Маленький старинный городок на берегу моря был по-домашнему уютен. Уютен и экзотичен. Развалины старого генуэзского замка, иностранные корабли в порту, лавочки с восточными товарами, мусульмане, бродящие по городу в пестрых халатах и чалмах. Запах дрока, море, синее небо… И молодость, счастливая Маринина молодость, последний ее безоблачный год!

Дом друзей Волошина Редлихов, где поселилась молодая семья, стоит на холме, высоко над морем. Он вытянулся вдоль Аннинской улицы. Комнаты здесь с низкими потолками, вокруг дома небольшой сад. Благоухающие розы катят прямо в широко раскрытые двери комнат волны теплого сладкого аромата. С холма видно поблескивающее на солнце море. Совсем неподалеку, под горкой, на Бульварной улице, поселилась и Ася с маленьким сыном Андрюшей, родившимся на две недели раньше Ариадны, и няней. Увы, у младшей сестры семейная жизнь не сложилась: пышно отпраздновав свадьбу весной 1912 года, молодые не нашли счастья в этом союзе — и к осени 1913 года уже расстались.

Волошин ввел Цветаевых в знакомые дома — а знакома ему была, что называется, «вся Феодосия»: здесь он вырос. И очень скоро у сестер и Сергея появляется масса новых друзей. Вместе и порознь они бывают на окраине Феодосии у родственницы Айвазовского, напоминавшей Асе императрицу Елизавету. Гостеприимная хозяйка, она охотно собирает «людей искусства» и устраивает приемы, что называется, на широкую ногу. В правом крыле того же дома живет внук Айвазовского, добрейший Петр Николаевич Лампси — и у него они бывают, и у художника Богаевского на улице Дуранте, где встречается весь цвет Крыма и обеих столиц, и в скромном доме давней приятельницы Макса, строгой и категоричной Александры Михайловны Петровой.

Марину часто просят прочесть стихи. Преодолевая застенчивость, с мгновенно вспыхивающим румянцем и потупленным взором, она соглашается. И читает — сначала тихо, потом все более и более крепнущим голосом.

Марина Цветаева и Сергей Эфрон
Феодосия, 1914 г.

Феодосия. Дом семьи Редлих, в котором жили Сергей, Марина и Аля в 1913–1914 гг.

Марина Цветаева. 1914 г.

Марина с Асей, благодаря волошинским связям, получают немало приглашений и официального порядка: выступить и в Военном собрании, и в зале Азовского банка, и в правлении Еврейского общества пособия бедным. Они обычно читают и тут вдвоем, «в унисон», как называет это Анастасия, уверявшая, что голоса их звучали неразличимо. Некоторым эта манера кажется претенциозной и раздражает, но таких немного. Отзывы в прессе чаще всего сентиментальны: «По-прежнему трогательны были стихи, прочитанные сестрами в унисон, — пишет корреспондент газеты «Жизнь Феодосии», — они, как и в прошлый раз, обвеяли нас солнечной лаской… еще раз согрели одичавшие души… Спасибо милым сестрам!» В «Крымском слове»: «Я здесь второй год (писал некий автор, скрывшийся за псевдонимом “Н. Ав-в”) и помню лишь один вечер, когда публики было еще больше… Конец третьего отделения превратился в нечто невообразимое. Рукоплескания, крики “браво” сливались в один сплошной гул… Каждое из прочитанных сестрами стихотворений покрывалось неумолчными аплодисментами…»

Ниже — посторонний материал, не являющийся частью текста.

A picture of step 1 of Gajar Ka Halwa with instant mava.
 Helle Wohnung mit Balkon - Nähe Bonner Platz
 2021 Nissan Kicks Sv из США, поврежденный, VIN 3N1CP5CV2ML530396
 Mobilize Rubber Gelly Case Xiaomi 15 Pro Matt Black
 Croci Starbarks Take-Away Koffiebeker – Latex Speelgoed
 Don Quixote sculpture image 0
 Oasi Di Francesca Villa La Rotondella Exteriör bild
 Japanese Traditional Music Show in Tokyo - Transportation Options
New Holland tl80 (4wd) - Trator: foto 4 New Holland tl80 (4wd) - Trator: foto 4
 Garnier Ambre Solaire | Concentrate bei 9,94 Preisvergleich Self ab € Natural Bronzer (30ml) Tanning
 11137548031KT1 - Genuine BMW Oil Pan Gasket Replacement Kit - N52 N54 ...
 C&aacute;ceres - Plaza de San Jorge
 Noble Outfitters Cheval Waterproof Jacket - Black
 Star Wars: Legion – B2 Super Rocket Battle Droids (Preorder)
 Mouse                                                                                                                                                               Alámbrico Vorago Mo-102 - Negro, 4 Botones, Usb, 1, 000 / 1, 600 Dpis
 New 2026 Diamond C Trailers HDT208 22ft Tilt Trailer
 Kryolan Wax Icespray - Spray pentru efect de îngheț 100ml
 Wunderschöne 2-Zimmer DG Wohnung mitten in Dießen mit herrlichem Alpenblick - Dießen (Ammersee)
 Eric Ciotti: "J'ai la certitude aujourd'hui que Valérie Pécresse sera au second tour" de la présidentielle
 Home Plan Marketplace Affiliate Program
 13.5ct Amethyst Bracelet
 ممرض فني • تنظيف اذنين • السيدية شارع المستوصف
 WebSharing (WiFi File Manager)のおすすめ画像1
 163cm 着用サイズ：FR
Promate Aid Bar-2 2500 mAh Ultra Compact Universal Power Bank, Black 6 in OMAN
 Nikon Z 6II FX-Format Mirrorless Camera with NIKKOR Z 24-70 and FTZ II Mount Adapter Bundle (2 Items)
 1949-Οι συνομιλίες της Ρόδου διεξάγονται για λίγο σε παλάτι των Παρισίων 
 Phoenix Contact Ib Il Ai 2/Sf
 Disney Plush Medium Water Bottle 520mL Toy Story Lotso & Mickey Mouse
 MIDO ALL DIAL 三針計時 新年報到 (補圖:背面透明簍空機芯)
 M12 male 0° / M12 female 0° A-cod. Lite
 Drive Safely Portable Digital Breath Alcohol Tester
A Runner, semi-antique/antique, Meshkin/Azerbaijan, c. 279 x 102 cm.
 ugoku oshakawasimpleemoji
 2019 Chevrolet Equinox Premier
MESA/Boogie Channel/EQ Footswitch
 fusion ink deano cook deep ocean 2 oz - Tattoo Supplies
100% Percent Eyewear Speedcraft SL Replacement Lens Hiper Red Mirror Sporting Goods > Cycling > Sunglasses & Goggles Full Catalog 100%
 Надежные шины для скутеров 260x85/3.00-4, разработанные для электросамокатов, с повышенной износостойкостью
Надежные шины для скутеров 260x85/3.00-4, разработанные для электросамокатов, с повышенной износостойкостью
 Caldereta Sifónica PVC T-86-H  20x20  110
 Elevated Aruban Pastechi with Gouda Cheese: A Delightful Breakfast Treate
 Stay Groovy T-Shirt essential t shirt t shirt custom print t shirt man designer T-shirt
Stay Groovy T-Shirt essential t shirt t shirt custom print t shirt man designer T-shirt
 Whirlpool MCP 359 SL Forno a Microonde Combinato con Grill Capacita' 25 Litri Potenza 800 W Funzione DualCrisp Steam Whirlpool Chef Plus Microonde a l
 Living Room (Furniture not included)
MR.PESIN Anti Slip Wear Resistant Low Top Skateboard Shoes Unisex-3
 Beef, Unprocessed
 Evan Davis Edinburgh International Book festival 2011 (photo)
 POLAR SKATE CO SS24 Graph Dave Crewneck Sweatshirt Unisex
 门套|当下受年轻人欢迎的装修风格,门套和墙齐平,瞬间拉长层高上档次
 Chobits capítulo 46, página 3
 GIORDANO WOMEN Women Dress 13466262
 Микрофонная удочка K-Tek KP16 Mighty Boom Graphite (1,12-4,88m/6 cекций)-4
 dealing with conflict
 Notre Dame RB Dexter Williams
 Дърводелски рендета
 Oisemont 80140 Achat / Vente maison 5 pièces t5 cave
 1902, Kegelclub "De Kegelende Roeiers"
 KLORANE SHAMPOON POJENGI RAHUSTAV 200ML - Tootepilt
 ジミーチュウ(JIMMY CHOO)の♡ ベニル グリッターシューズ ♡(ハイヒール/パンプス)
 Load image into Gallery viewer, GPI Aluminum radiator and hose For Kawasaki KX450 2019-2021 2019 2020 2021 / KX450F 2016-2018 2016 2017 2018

На улице сестер уже узнают, приказчики, стоящие у дверей лавок, шутят с ними — все приветливы. Похоже, что в городке в эту последнюю мирную зиму русской жизни царят доброжелательность и сердечность…

На приемы и выступления Марина всякий раз надевает красивые платья и с удовольствием заказывает новые портнихе. Коктебельскому приятелю она пишет: «Господи, к чему эти унылые английские кофточки, когда так мало жить!.. Прекрасно — прекрасно одеваться вообще, а особенно — где-нибудь на необитаемом острове, — только для себя!» Она обожает сверкающие кольца, браслеты, носит аметистовое ожерелье, подаренное ей Асей на свадьбу, гранатовую брошь цвета темного вина…

Ей двадцать один этой осенью, но выглядит она еще моложе, и когда в незнакомой зале объявляет очередное стихотворение: «Посвящается моей дочери», — изумленный вздох проносится по рядам.

(Как грустно теперь перечитывать эти стихи — несбывшиеся пророчества счастливой матери своему ребенку! Она ворожила и колдовала своей большеглазой Ариадне, пытаясь разглядеть ее будущее, но из всех возможных бед увидела только где-то подрастающего «вероломного Тезея»! И слава богу. Не только голодное детство, но даже двойной арест, долгий лагерь и ссылку стойкая и жизнелюбивая Ариадна сумеет снести, ни на йоту не упав духом. Заранее и издалека — зачем и знать о страшном?..)

Марина буквально купается в материнских чувствах. Ее записная книжка щедро фиксирует первые слова и первые фразы маленькой Али; мать в восторге от ее способностей — и от ее красоты. «Ты будешь красавицей, будешь звездою, ты уже сейчас красавица и звезда, — записывает Марина. — Ты уже сейчас умна и очаровательна до умопомрачения. Я в тебя верю, как в свой лучший стих!» В самом деле, увидев девочку, люди останавливаются на улице — так она хороша со своими огромными (отцовскими) голубыми глазами. Однако при всей заливающей ее нежности молодая мать строга и неотступна как воспитатель: ежедневно девочку обтирают холодной морской водой, и шпинат, вызывающий ее отвращение, Аля должна съесть, каких бы мук ей это ни стоило. В доме заведен порядок: отец и мать разговаривают с крошкой, которой еще нет двух лет, как с большой: сюсюканья здесь не терпят. И крохотная Аля уже с удовольствием и даже страстью учит стихи, — слава богу, пока еще детские.

Семья в Феодосии

Аля Эфрон. Москва, 1914–1915 гг.

2

Наезжая в Феодосию из Коктебеля, Волошин всякий раз бывает в доме на Аннинской улице — его одинокому сердцу дорога ласка, которую он неизменно находит у своих молодых друзей; а они рады ему в любой день и час.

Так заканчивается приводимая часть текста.